An exact restatement of the data is required, with the images omitted.

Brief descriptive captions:
◇ ◇ ◇ ◇ ◇ ◇ ◇
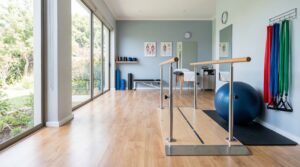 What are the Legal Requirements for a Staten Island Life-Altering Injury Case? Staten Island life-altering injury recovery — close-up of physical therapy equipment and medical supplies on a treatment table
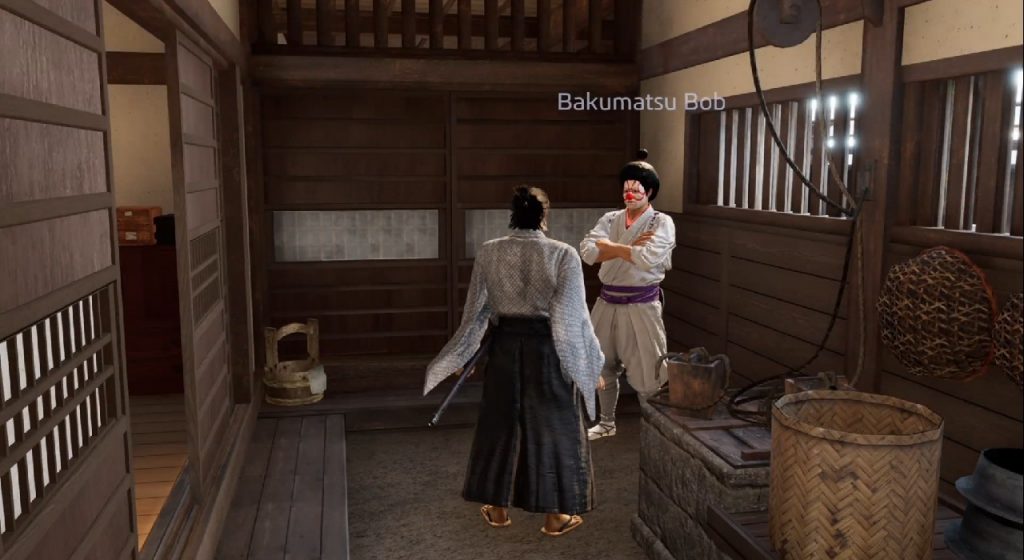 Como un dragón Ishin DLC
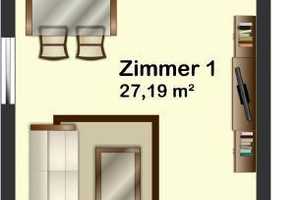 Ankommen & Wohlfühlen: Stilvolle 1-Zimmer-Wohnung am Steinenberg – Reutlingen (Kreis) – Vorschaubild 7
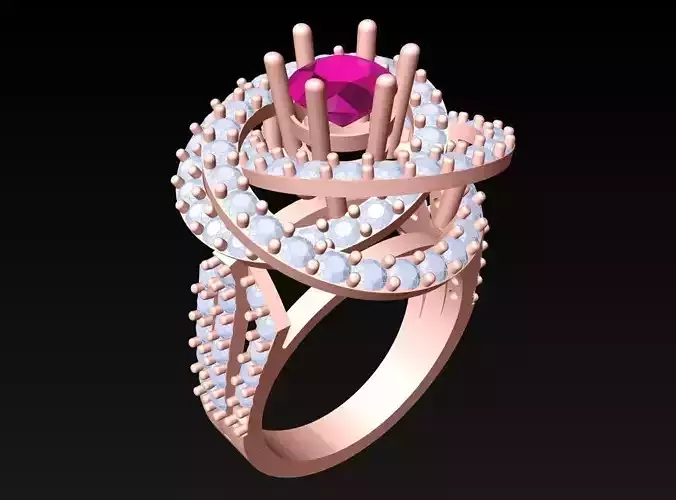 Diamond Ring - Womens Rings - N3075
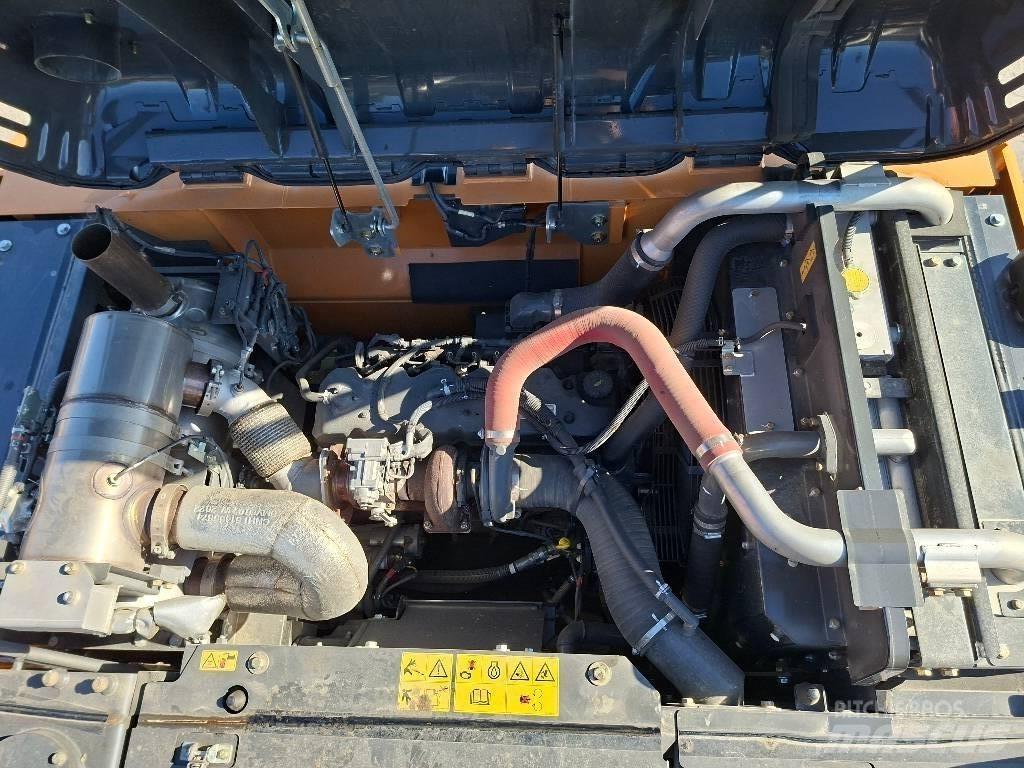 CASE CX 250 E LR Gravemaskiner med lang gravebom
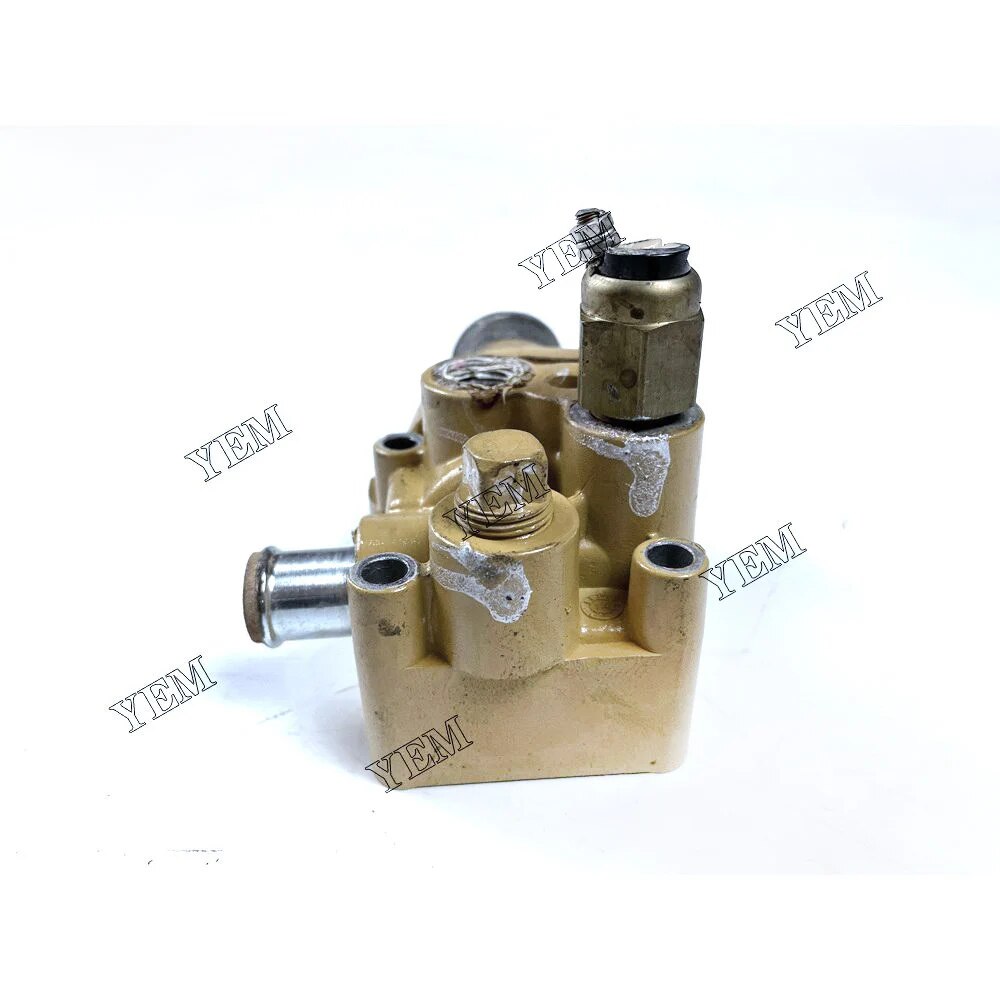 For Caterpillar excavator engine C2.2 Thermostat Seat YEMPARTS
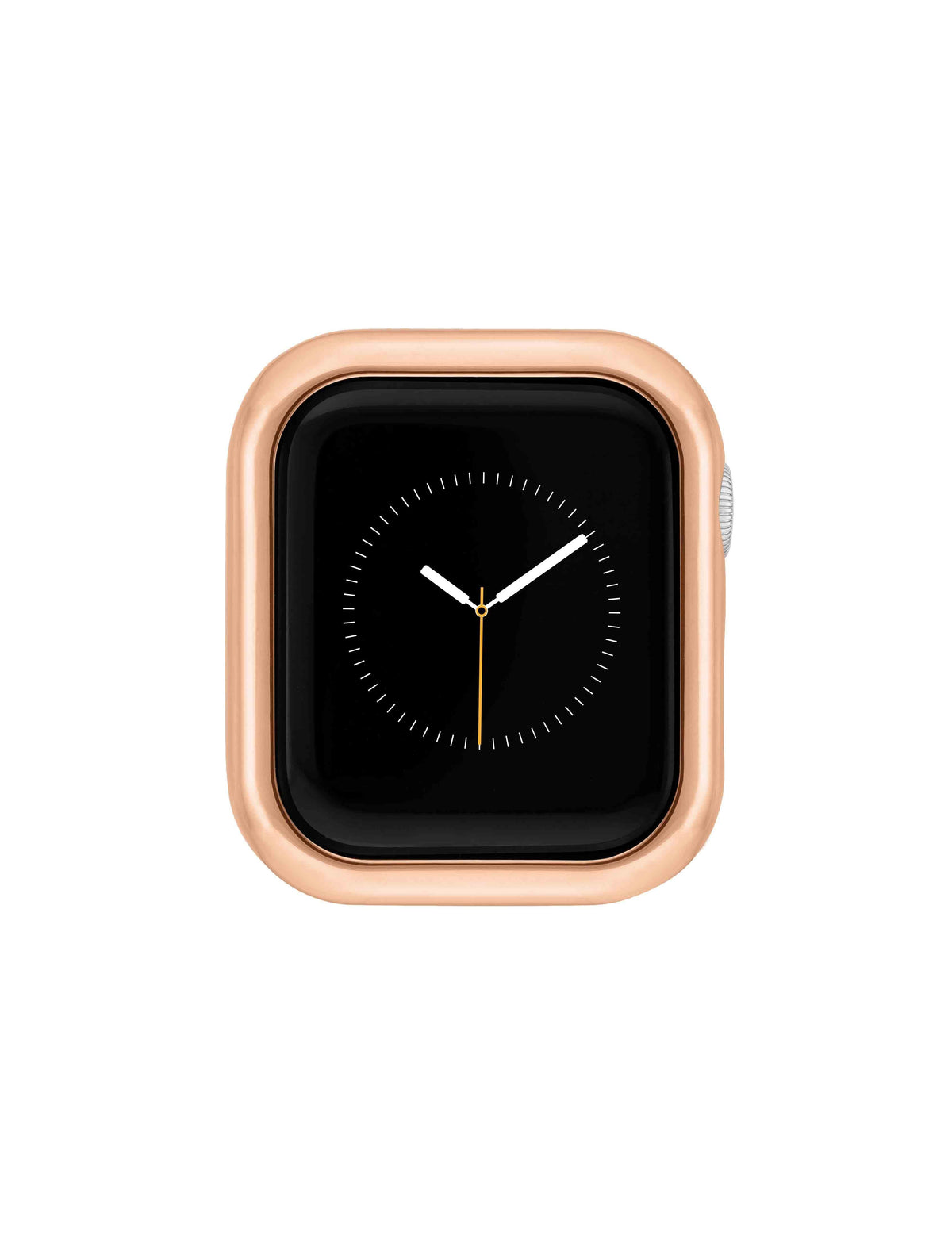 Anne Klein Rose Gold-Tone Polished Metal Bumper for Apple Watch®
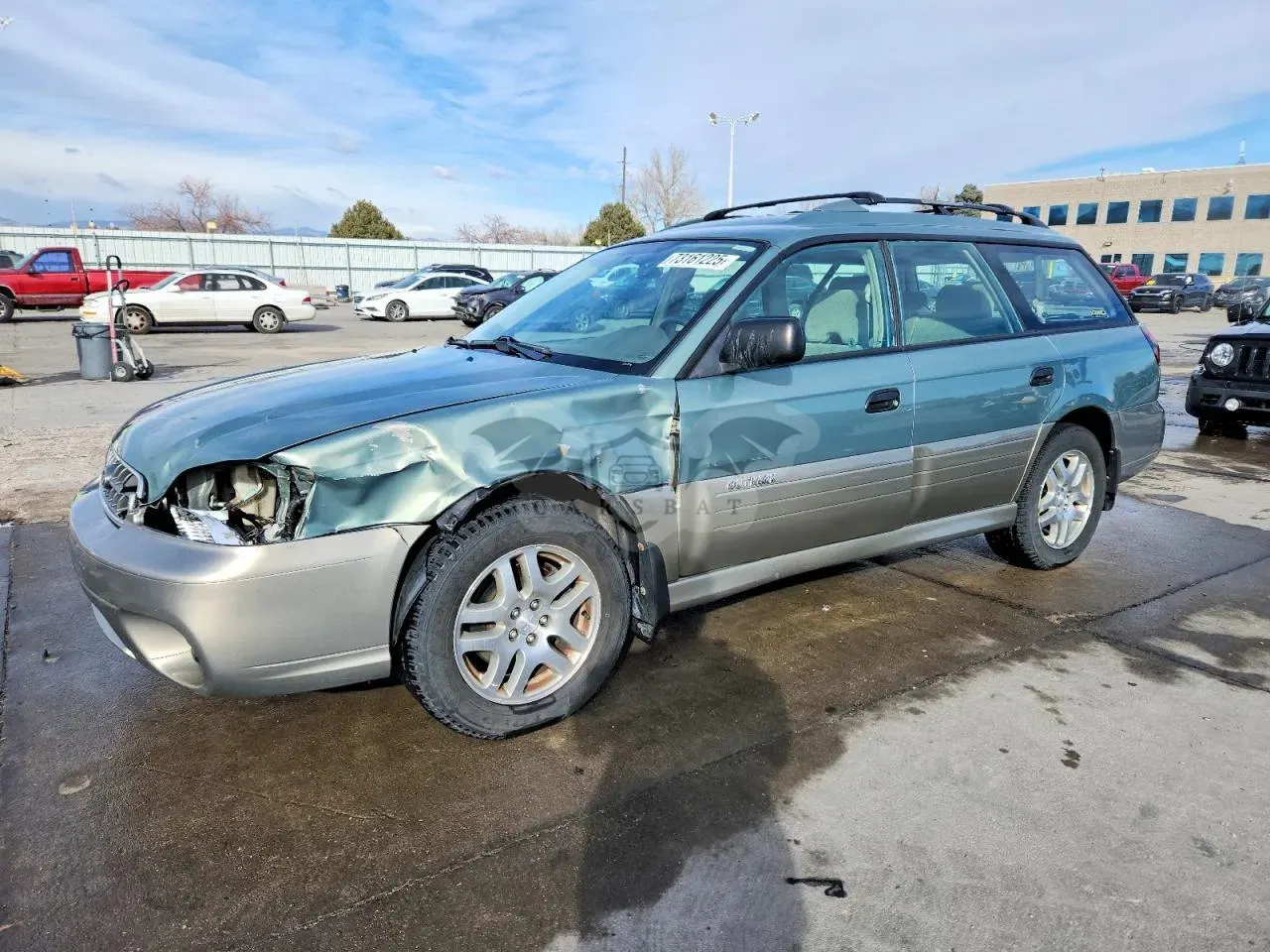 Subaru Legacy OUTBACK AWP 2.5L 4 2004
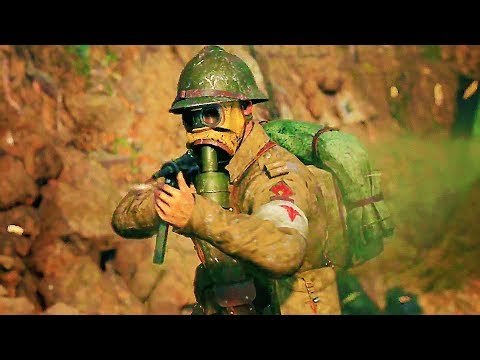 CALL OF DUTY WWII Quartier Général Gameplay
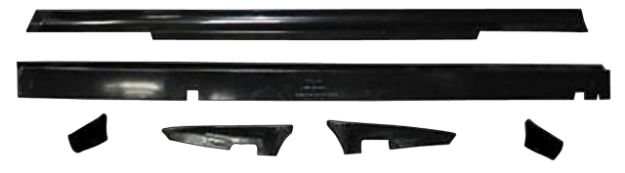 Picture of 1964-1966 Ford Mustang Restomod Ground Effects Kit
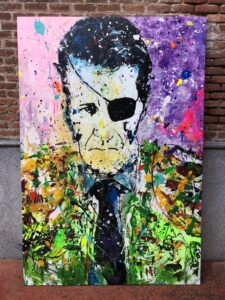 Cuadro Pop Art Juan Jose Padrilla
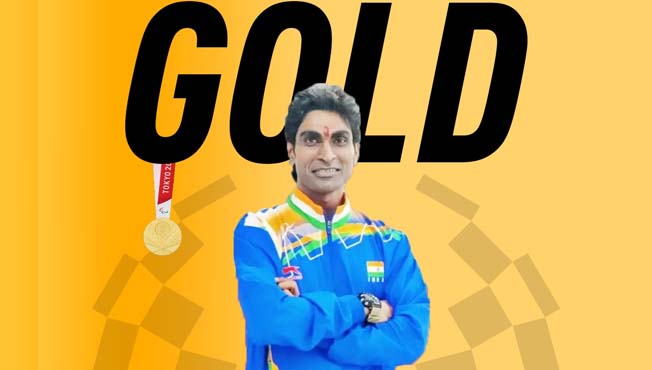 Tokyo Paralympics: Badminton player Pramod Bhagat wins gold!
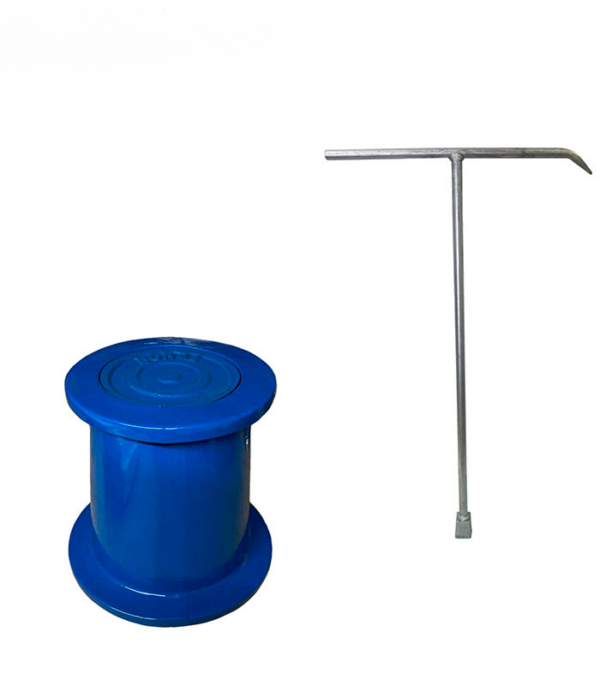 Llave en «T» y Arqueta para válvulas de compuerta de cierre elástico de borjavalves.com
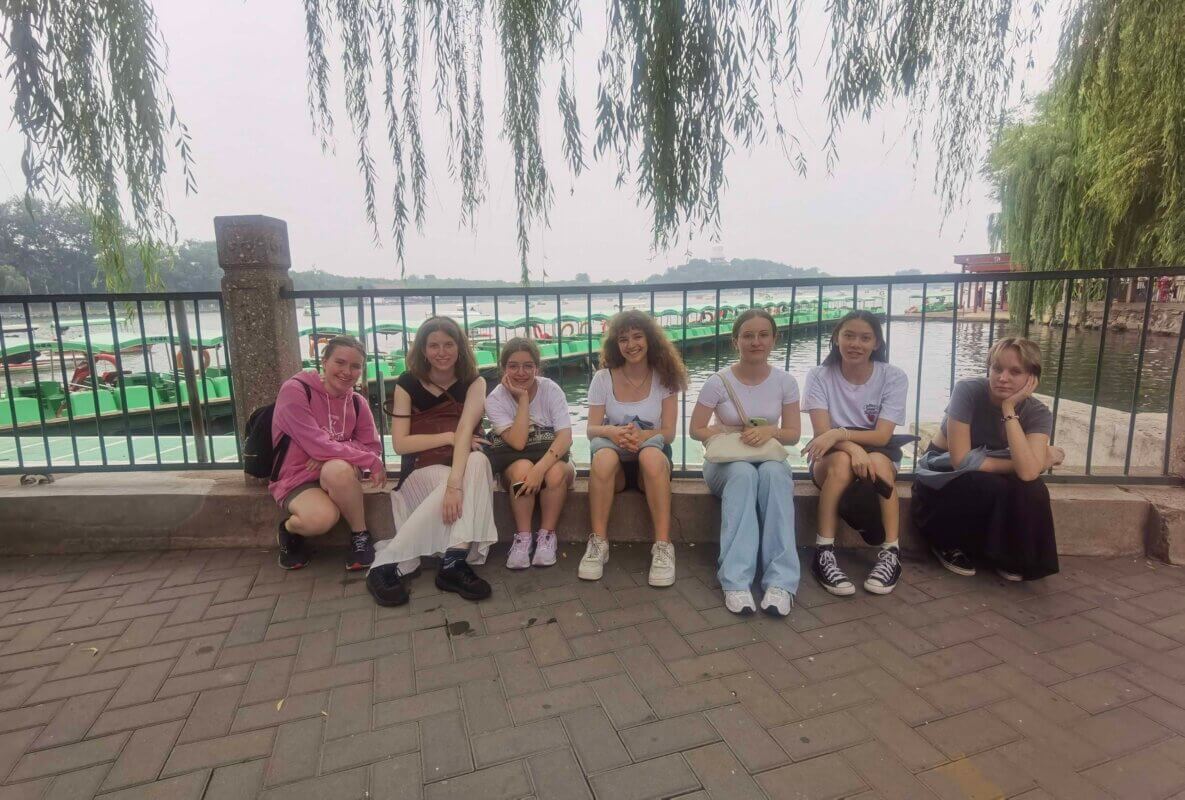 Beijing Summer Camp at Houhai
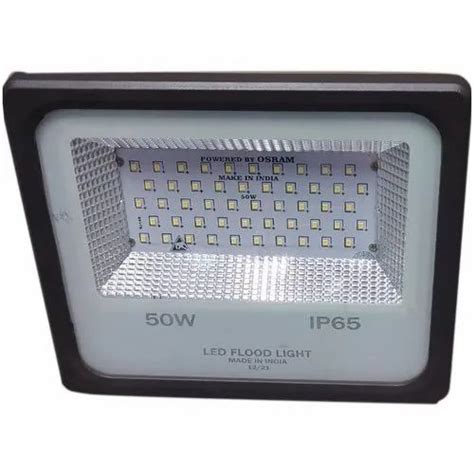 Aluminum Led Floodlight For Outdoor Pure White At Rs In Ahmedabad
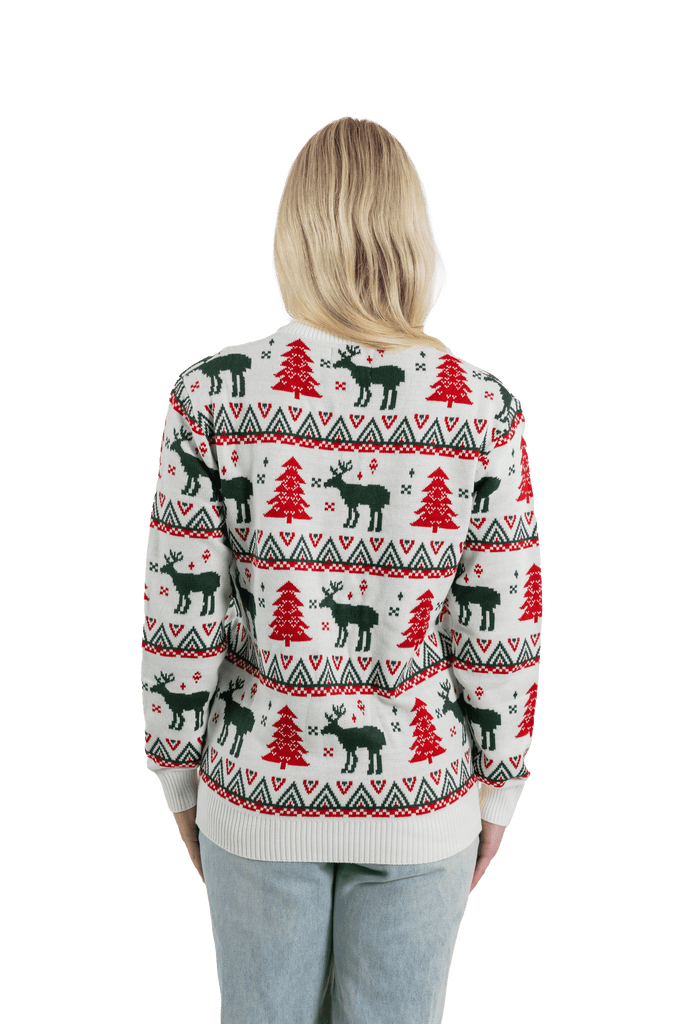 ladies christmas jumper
◇ ◇ ◇ ◇ ◇ ◇ ◇
- Output of the task -
 What are the Legal Requirements for a Staten Island Life-Altering Injury Case? Staten Island life-altering injury recovery — close-up of physical therapy equipment and medical supplies on a treatment table
 Como un dragón Ishin DLC
 Ankommen & Wohlfühlen: Stilvolle 1-Zimmer-Wohnung am Steinenberg – Reutlingen (Kreis) – Vorschaubild 7
 Diamond Ring - Womens Rings - N3075
 CASE CX 250 E LR Gravemaskiner med lang gravebom
 For Caterpillar excavator engine C2.2 Thermostat Seat YEMPARTS
 Anne Klein Rose Gold-Tone Polished Metal Bumper for Apple Watch®
 Subaru Legacy OUTBACK AWP 2.5L 4 2004
 CALL OF DUTY WWII Quartier Général Gameplay
 Picture of 1964-1966 Ford Mustang Restomod Ground Effects Kit
 Cuadro Pop Art Juan Jose Padrilla
 Tokyo Paralympics: Badminton player Pramod Bhagat wins gold!
 Llave en «T» y Arqueta para válvulas de compuerta de cierre elástico de borjavalves.com
 Beijing Summer Camp at Houhai
 Aluminum Led Floodlight For Outdoor Pure White At Rs In Ahmedabad
 ladies christmas jumper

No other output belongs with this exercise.